Also note that you technically do not need the DWORD PTR directives that I've used in the code because the inline assembler (and MASM syntax in general) tries to read your mind and assemble the code that you meant to write. However, I like to write it to be explicit. It just means that the value you're loading is DWORD-sized (32 bits). All pointers on 32-bit x86 are 32 bits in size, as are int values and single-precision float values. QWORD means 64 bits, like an __int64 value or a double value.
Warning: When I first tested this code in MSVC using inline assembly, I couldn't get it to run. It worked fine when assembled separately using MASM, but when written using inline assembly, I couldn't execute it without getting an "access violation" error. In fact, when I tried your original code, I got the same error. Initially, I couldn't figure out how you were able to get your code to run, either!
Finally, I was able to diagnose the problem: by default, my MSVC project had been configured to dynamically link to the C runtime (CRT) library. The implementation of printf/printf_s is apparently doing some type of debug check that is causing this code to fail. I still am not entirely sure what the purpose of this validation code is, or exactly how it works, but it appears to be checking a certain offset within the stack for a sentinel value. Anyway, when I switched to statically linking to the CRT, everything runs as expected.
At least, when I compiled the code as a "release" build. In a "debug" build, the compiler can't tell that you need floating-point support (since all the floating-point stuff is in the inline assembly, which it can't parse), so it fails to tell the linker to link in the floating-point support from the CRT. As a result, the application bombs as soon as you run it and try to use scanf_s with a floating-point value. There are various ways of fixing this, but the simplest way would be to simply explicitly initialize the afloat value (it doesn't matter what you initialize it to; 0.0 or any other value would work just fine).
I suppose you are statically linking the CRT and running a release build, which is why your original code was executing. In that case, the code I've shown will both execute and return the correct results. However, if you're trying to learn assembly language, I strongly recommend avoiding inline assembly and writing functions directly in MASM. This is supported from within the Visual Studio environment, too; for setup instructions, see here (same for all versions).

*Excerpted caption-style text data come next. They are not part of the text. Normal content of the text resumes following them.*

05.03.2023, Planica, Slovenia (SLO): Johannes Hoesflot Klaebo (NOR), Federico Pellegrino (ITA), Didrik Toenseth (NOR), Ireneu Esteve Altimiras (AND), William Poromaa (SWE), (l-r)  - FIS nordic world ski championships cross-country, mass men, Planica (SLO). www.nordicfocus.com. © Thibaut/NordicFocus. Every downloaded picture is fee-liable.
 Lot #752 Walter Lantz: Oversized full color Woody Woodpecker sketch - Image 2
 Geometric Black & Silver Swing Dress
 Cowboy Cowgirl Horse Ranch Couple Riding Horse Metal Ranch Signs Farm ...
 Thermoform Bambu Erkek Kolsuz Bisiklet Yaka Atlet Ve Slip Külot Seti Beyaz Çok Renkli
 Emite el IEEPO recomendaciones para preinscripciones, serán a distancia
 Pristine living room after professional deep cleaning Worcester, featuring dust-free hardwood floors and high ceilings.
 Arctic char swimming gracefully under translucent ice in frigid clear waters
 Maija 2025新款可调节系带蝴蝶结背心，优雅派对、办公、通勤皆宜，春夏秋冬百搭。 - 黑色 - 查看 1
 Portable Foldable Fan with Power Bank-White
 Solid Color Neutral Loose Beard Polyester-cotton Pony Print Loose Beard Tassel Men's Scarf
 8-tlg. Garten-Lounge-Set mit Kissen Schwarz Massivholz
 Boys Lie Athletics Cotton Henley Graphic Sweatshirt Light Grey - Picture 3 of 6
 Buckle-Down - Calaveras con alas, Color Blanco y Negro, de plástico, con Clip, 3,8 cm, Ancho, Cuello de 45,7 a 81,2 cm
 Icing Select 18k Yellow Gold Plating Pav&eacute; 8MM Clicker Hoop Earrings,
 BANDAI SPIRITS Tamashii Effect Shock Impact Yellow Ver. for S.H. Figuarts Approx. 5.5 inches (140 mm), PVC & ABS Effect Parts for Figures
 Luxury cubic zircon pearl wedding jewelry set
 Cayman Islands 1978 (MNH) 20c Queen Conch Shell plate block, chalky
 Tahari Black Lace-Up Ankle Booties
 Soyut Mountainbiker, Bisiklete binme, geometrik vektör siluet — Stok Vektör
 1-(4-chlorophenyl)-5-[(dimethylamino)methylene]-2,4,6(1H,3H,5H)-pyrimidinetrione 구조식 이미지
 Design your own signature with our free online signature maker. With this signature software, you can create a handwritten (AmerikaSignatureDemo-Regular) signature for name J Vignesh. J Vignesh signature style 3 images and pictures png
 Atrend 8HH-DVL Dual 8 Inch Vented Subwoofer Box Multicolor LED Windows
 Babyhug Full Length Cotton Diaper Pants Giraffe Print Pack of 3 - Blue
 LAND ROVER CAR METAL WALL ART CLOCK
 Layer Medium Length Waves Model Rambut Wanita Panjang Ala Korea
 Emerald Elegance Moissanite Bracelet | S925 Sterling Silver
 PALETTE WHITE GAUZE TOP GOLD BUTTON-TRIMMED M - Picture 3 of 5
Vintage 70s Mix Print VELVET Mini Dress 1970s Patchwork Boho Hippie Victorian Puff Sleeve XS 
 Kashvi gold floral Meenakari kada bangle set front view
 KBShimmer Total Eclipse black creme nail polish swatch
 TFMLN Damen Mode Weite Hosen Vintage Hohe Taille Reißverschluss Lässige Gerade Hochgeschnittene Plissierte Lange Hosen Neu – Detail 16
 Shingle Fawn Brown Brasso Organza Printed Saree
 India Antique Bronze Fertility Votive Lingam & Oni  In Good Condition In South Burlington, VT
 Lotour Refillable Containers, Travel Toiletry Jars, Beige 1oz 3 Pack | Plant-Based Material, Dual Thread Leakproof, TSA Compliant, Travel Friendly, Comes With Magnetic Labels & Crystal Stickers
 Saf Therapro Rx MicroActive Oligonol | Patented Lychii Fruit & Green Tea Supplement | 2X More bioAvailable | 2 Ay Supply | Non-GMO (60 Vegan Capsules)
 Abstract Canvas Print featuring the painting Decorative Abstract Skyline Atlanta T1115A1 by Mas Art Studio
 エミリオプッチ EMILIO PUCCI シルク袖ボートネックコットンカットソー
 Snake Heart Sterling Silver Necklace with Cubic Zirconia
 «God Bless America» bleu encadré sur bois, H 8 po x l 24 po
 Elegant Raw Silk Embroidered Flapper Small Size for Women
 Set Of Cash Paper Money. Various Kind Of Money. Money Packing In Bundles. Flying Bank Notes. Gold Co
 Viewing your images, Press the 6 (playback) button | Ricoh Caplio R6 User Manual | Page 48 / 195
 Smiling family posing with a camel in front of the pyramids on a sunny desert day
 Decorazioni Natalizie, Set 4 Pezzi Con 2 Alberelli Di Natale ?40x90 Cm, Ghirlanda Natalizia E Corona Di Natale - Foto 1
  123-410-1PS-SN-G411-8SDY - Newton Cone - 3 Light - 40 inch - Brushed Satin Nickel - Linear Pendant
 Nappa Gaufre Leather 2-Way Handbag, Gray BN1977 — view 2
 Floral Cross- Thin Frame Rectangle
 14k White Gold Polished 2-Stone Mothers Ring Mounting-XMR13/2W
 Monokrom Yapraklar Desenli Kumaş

Have you used a debugger to look at registers / memory?
fstp [esp] is extremely suspicious, because ST0 should be empty at that point. scanf returns an integer, and the calling convention requires the x87 stack to be empty on call/return, except for FP return values.
I forget what happens when you FST while the x87 stack is empty. If you get zero, that would explain it, since this is what you're passing to printf.
add esp, 8 / sub esp, 8 is completely redundant. There's no point in doing that. You can just take it out. (Or comment it out but leave it there as a reminder that you've optimized by reusing the arg space on the stack instead of popping it and pushing new stuff.)
Since scanf writes the double at the address you passed, you could avoid copying it by getting it to write it near the bottom of the stack, and then adjust ESP to right below it. Push a format string and you're ready to call printf, with the double already where it needs to be on the stack as the second arg.
sub esp, 8 ; reserve 8 bytes for storing a `double` on the stack
push esp ; push a pointer to the bottom of that 16B we just reserved
push OFFSET input_format ; (only works if it's in static storage, but it's a string constant so you should have done that instead of initializing a non-const array with a literal inside `main`.)
call scanf ; scanf("%lf", ESP_before_we_pushed_args)
add esp, 8
; TODO: check return value and handle error
; esp now points at the double stored by scanf
push OFFSET output_format
call printf
add esp, 12 ; "pop" the args: format string and the double we made space for before the scanf call.
If the calling convention / ABI you're using requires that you make function calls with ESP 16B-aligned, you can't shorten it quite this much: you'll need an lea eax, [esp+4] / push eax or something instead of push esp, because the double can't be right above scanf's second arg but also be printf's second arg if both calls have the stack 16B-aligned. So have scanf store the double at a higher address, and add esp, 12 to reach it.
IDK if MSVC-style inline-asm guarantees any kind of stack alignment in the first place. Inline-asm seems to make this problem more complicated in some ways than just writing the whole function in asm.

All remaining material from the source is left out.